Jake gets a kick out of Patrick. Things are looking up: the girls are starting their own lives and his mum’s sobriety might stick this time. He’s sacrificed everything for his family; maybe it’s time for him to live his life and start a relationship with Patrick. When his mother needs him, guilt makes his choice between family and Patrick difficult, and Jake must realize he’s not alone anymore.
The Blinding Light is another reason I am impressed with Renae Kaye’s abilities as a writer. This story was well written, well thought out, and well executed. The writing style was easy to read and the content was not all fluff. The humor was perfectly done with Jake’s internal (and sometime external) commentary evoking many LOL moments and I adored the seven dwarves analogy that carried through the entire tale. The HEA was well done and highly satisfying.
Jake and Patrick were very likable characters and their interactions were wonderfully crafted.I connected with Jake from the very beginning. He won me over when he admitted he had a hard time keeping his mouth shut when co-workers were underperforming or being assholes. That is so like me! I also loved that there was more to him than met the eye. He was not just a poor man. He chose a life of hardship to care for his family. I like Patrick as well. It is not easy dealing with a disability and it accounts for some of his initial rudeness. But as the story progressed, he grew into his own and opened up to Jake. Once he opened up, he proved to be highly entertaining and gave Jake a run in the humor department. He and Jake fit perfectly together which made for a great read. I love that Ms. Kaye has characters with substance who grow and are developed throughout the story.
One thing I was very impressed with, was the way Ms. Kaye portrayed the blindness factor in this novel. She took the time to include facts of how blind people live including technology that makes life easier, accommodations that must be made for everyday functioning, as well as the more sensitive subjects such as ridicule and low self esteem. She did not turn this into a “love makes everything easy and perfect tale” and force a HEA with no troubles in the future. Instead, she wrote a “love accepts all flaws” tale with realistic acceptance of what life will be like with a blind partner. Jake understood what he was getting into, but chose to accept it as part of being with Patrick. I applaud Ms. Kaye for taking the time to research and include such detail.

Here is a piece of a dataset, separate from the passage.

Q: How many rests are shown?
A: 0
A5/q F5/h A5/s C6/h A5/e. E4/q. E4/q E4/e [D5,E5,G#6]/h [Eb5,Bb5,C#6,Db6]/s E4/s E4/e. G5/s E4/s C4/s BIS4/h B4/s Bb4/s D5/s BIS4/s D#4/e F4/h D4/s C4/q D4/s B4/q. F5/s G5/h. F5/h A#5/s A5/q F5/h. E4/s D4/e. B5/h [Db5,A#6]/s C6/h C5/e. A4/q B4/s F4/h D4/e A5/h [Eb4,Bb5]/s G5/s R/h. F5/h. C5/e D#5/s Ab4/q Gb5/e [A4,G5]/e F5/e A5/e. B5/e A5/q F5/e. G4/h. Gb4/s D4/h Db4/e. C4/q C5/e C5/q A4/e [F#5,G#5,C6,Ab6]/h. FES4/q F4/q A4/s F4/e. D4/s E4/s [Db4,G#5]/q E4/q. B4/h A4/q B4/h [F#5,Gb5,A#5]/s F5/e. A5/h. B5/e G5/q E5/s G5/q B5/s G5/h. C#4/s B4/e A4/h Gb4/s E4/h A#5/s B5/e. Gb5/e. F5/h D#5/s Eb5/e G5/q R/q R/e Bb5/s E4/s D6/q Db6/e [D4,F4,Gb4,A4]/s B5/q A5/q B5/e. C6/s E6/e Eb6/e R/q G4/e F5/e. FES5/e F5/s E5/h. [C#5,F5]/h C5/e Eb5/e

In the end, I really enjoyed this story. There was some predictability in the storyline with Jake’s mother, but it in no way distracted from the overall feel of this book. I will not go into detail on this as I highly recommend everyone pick this up and find out for themselves what I am talking about. Ms. Kaye did an excellent job on her second novel and I am looking forward to more from her in the future.

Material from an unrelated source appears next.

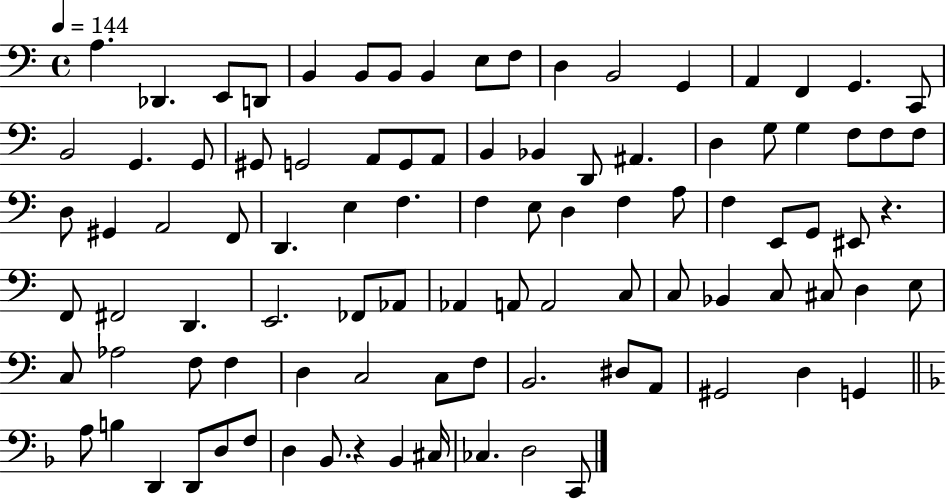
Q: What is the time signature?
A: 4/4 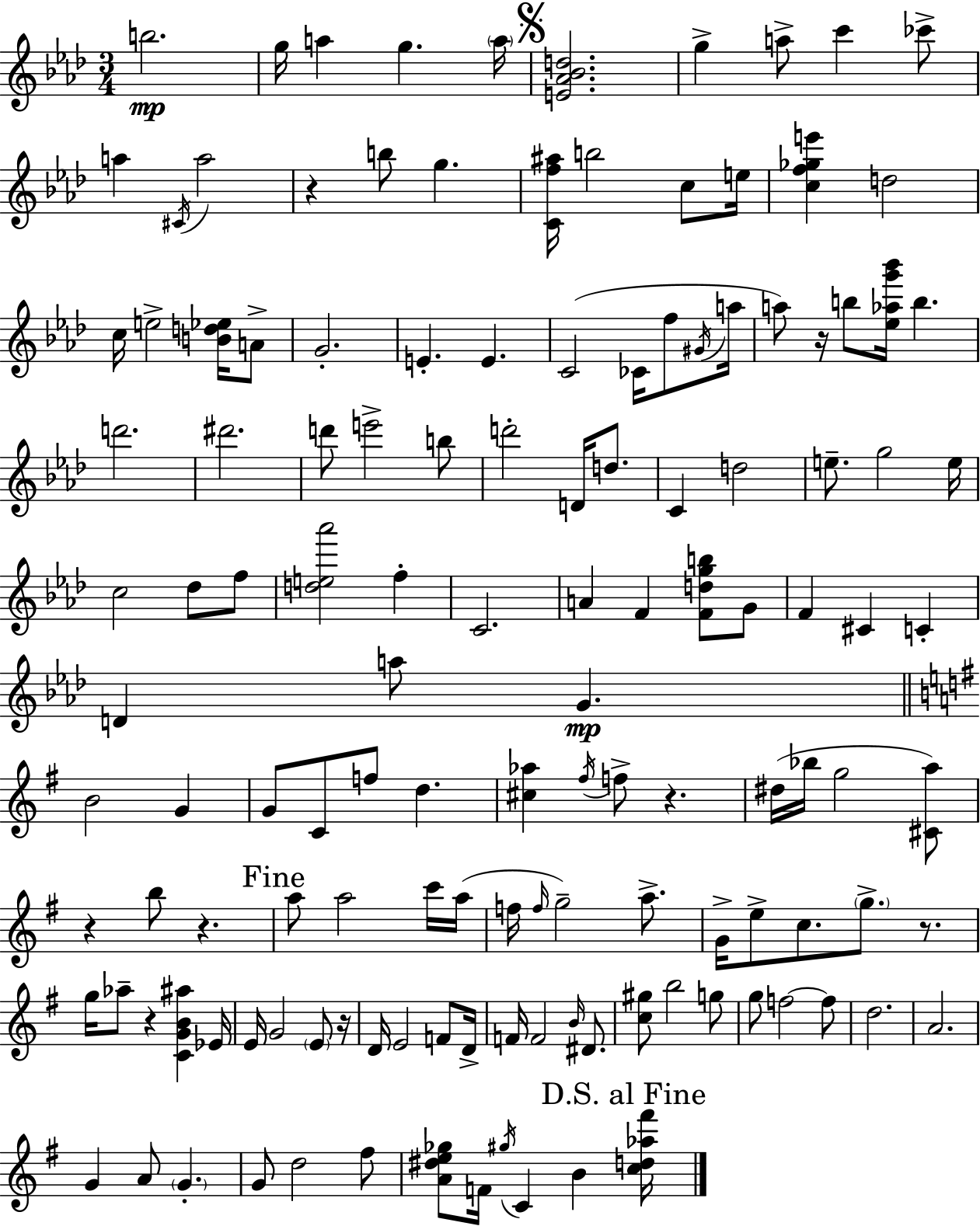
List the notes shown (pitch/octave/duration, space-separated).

B5/h. G5/s A5/q G5/q. A5/s [E4,Ab4,Bb4,D5]/h. G5/q A5/e C6/q CES6/e A5/q C#4/s A5/h R/q B5/e G5/q. [C4,F5,A#5]/s B5/h C5/e E5/s [C5,F5,Gb5,E6]/q D5/h C5/s E5/h [B4,D5,Eb5]/s A4/e G4/h. E4/q. E4/q. C4/h CES4/s F5/e G#4/s A5/s A5/e R/s B5/e [Eb5,Ab5,G6,Bb6]/s B5/q. D6/h. D#6/h. D6/e E6/h B5/e D6/h D4/s D5/e. C4/q D5/h E5/e. G5/h E5/s C5/h Db5/e F5/e [D5,E5,Ab6]/h F5/q C4/h. A4/q F4/q [F4,D5,G5,B5]/e G4/e F4/q C#4/q C4/q D4/q A5/e G4/q. B4/h G4/q G4/e C4/e F5/e D5/q. [C#5,Ab5]/q F#5/s F5/e R/q. D#5/s Bb5/s G5/h [C#4,A5]/e R/q B5/e R/q. A5/e A5/h C6/s A5/s F5/s F5/s G5/h A5/e. G4/s E5/e C5/e. G5/e. R/e. G5/s Ab5/e R/q [C4,G4,B4,A#5]/q Eb4/s E4/s G4/h E4/e R/s D4/s E4/h F4/e D4/s F4/s F4/h B4/s D#4/e. [C5,G#5]/e B5/h G5/e G5/e F5/h F5/e D5/h. A4/h. G4/q A4/e G4/q. G4/e D5/h F#5/e [A4,D#5,E5,Gb5]/e F4/s G#5/s C4/q B4/q [C5,D5,Ab5,F#6]/s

Unusually for me, I will begin by saying why I did not give this novel a full 5* In fact it has already been said very well by my fellow reviewer PizzyGirl. It is just the rather neat and predictable ending. Whilst I love an HEA as much as the next person the particular twist to this was as I mentioned a little too engineered and easy for me.
Good that bit is out of the way because Renae Kaye can really write a good romance novel. I would go further to say that I think this lady could write a good novel in most genres. Her writing style is so easy to read there are no ‘fits and starts’, it flows beautifully. I will try not to repeat my buddy too much, as PizzyGirl’s review was spot on. The character of Jake was such a strong one. This is not a character who misunderstands and so throws a fit, or has so little self confidence he baulks at the first obstacle. He is loving and responsible no trace of bitterness and a really hard worker. His life has been anything but easy and yet he still has more to plenty of love to give and adores the family that has caused and continues to cause him great difficulties.

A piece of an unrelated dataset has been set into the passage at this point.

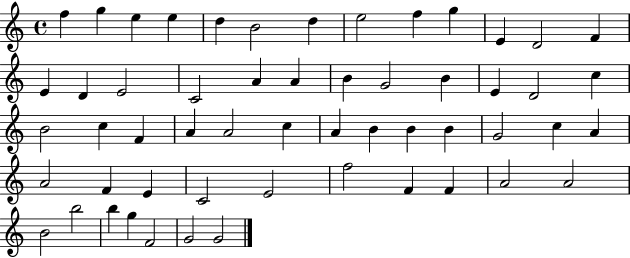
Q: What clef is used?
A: treble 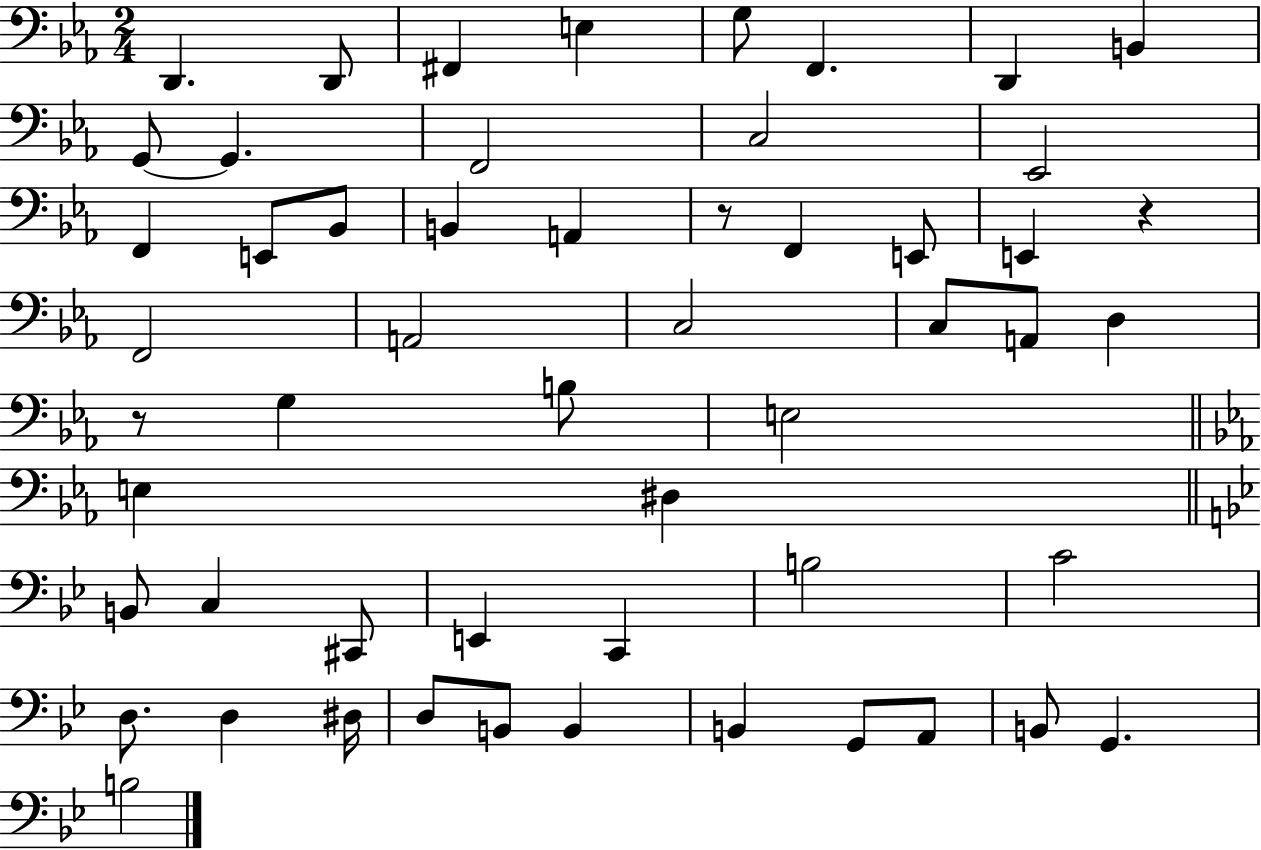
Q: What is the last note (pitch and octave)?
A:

His meeting with the other main protagonist of this piece, Patrick, is amusing and written with a light touch. Patrick is talented, wealthy and blind. His upbringing has never really instilled the social niceties in him and this has caused many previous housekeepers to leave and complain. Rather than making Jake leave the job or complain he tries to understand things from Patrick’s point of view. Patrick’s issues are important if one is blind. He addresses Patrick’s terse instructive notes by answering them and reminding him of the importance of good manners. This form of ‘courtship by note’ has been done many times but here, when these notes to each other begin, Jake and Patrick have never met and both make rather inaccurate assumptions about each other.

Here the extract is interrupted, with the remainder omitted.